_Directions_
Return the data below unchanged. Drop any pictures.

_Data section_
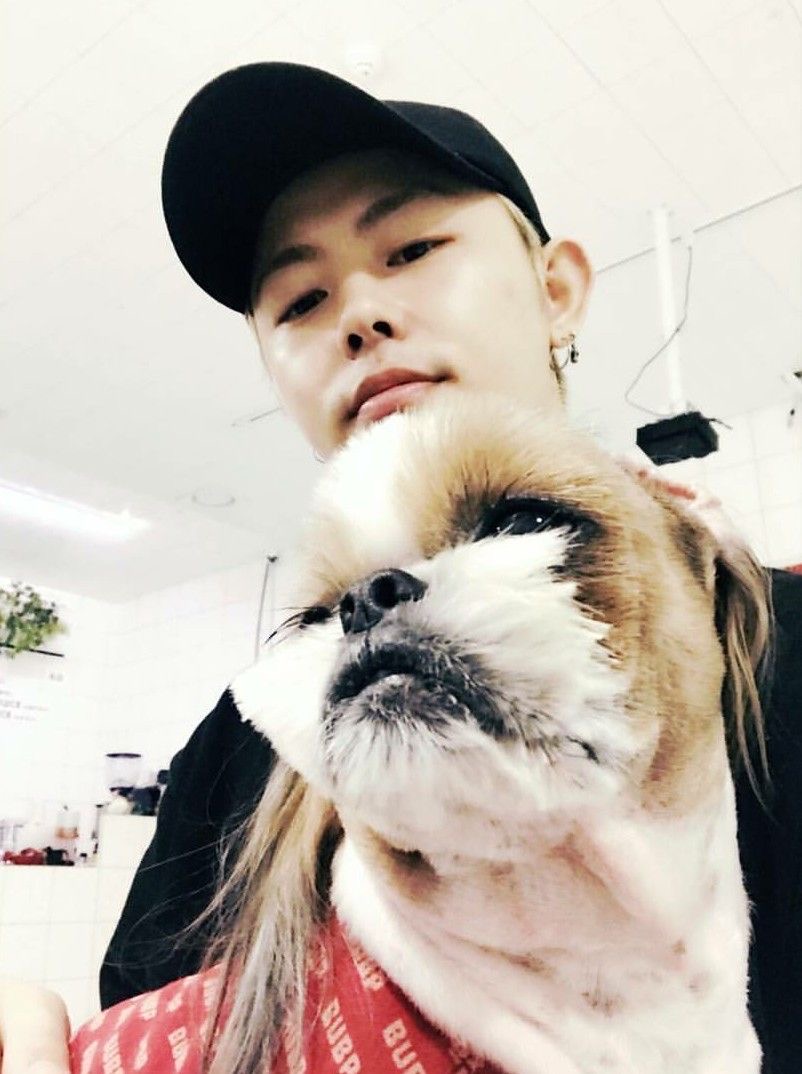 DailyUkwon's tweet photo. #유권 #UKWON #블락비 #BLOCKB 🐾★ https://t.co/R1UbUhfQZN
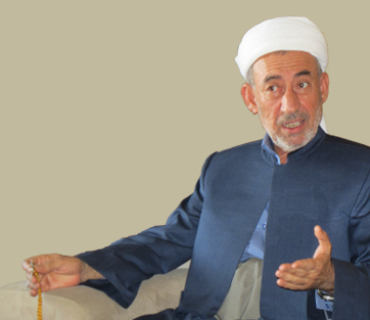 مامۆستا مەلا عومەر سوێری بۆ گوڵان:     مامۆستایانی ئایینی لە شۆڕشەكانی كوردستاندا ڕۆڵێكی بەرچاویان گێڕاوە و زۆربەی هەرە زۆریان پەیوەندییەكی توندوتۆڵیان لەگەڵ مەلا مستەفا بارزانی هەبوو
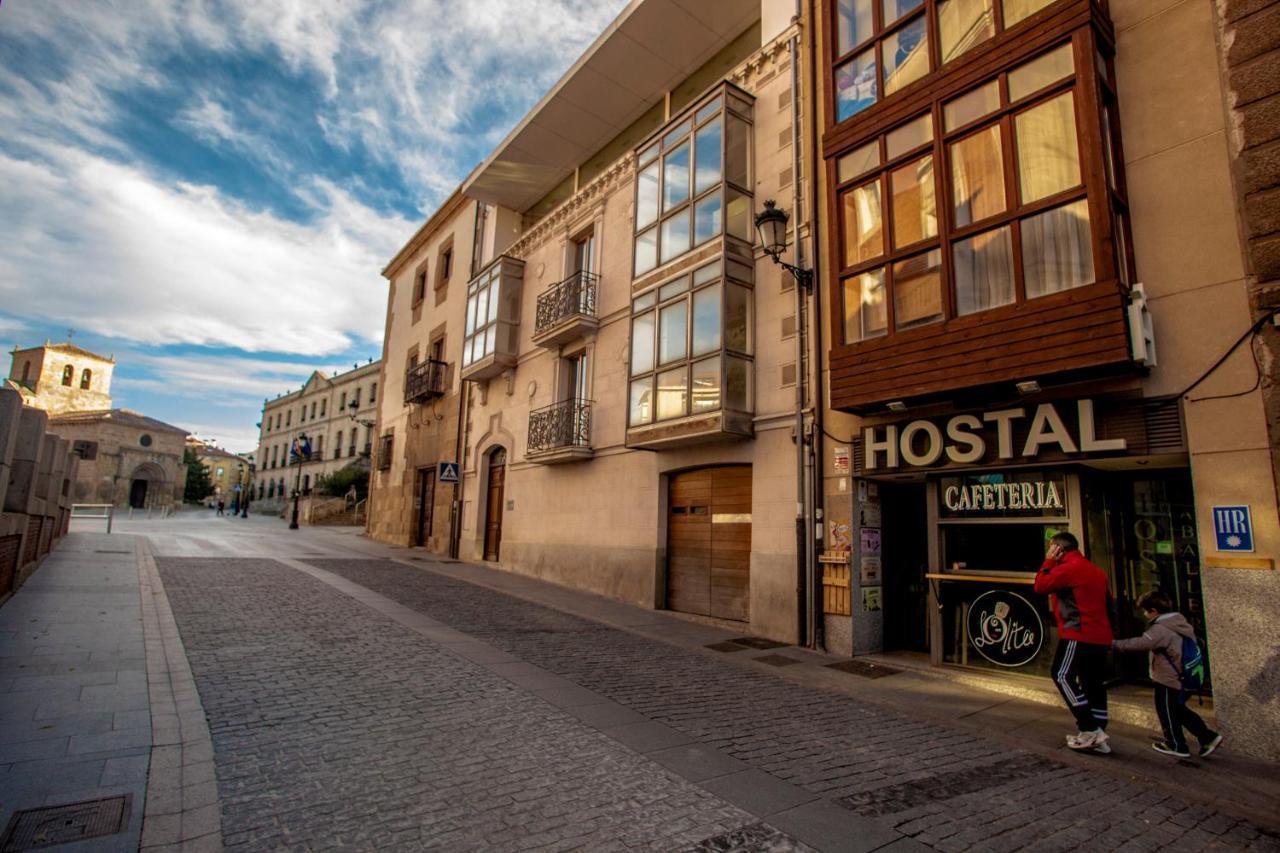 Hostal Caballeros Сория Екстериор снимка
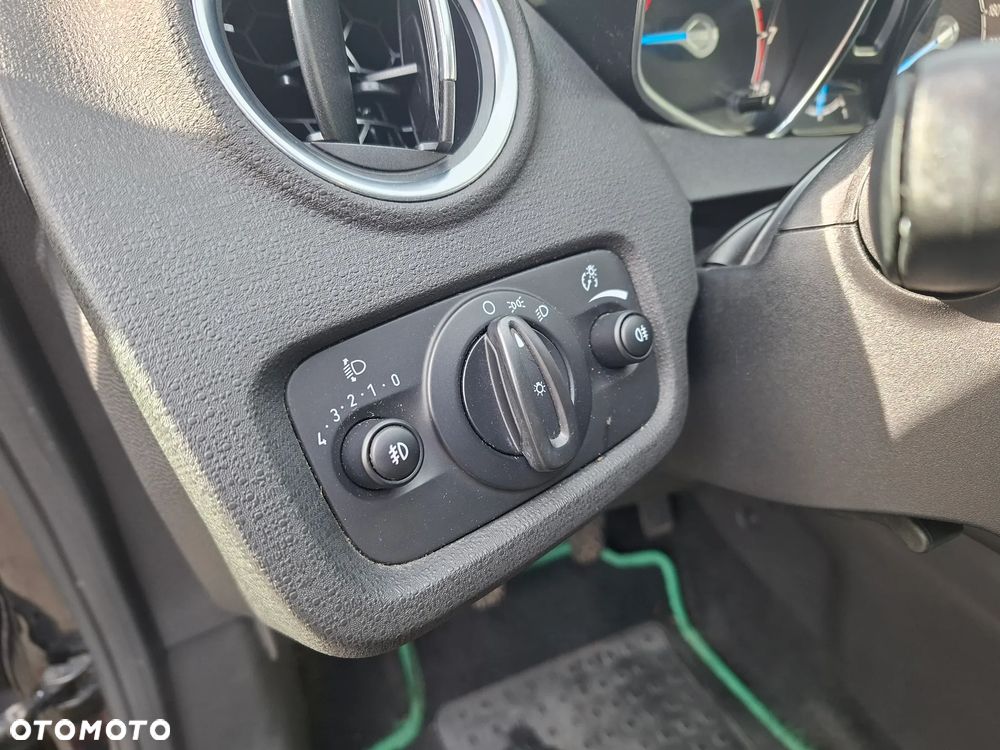 Ford Fiesta - 19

_Output of the task_
 DailyUkwon's tweet photo. #유권 #UKWON #블락비 #BLOCKB 🐾★ https://t.co/R1UbUhfQZN
 مامۆستا مەلا عومەر سوێری بۆ گوڵان:     مامۆستایانی ئایینی لە شۆڕشەكانی كوردستاندا ڕۆڵێكی بەرچاویان گێڕاوە و زۆربەی هەرە زۆریان پەیوەندییەكی توندوتۆڵیان لەگەڵ مەلا مستەفا بارزانی هەبوو
 Hostal Caballeros Сория Екстериор снимка
 Ford Fiesta - 19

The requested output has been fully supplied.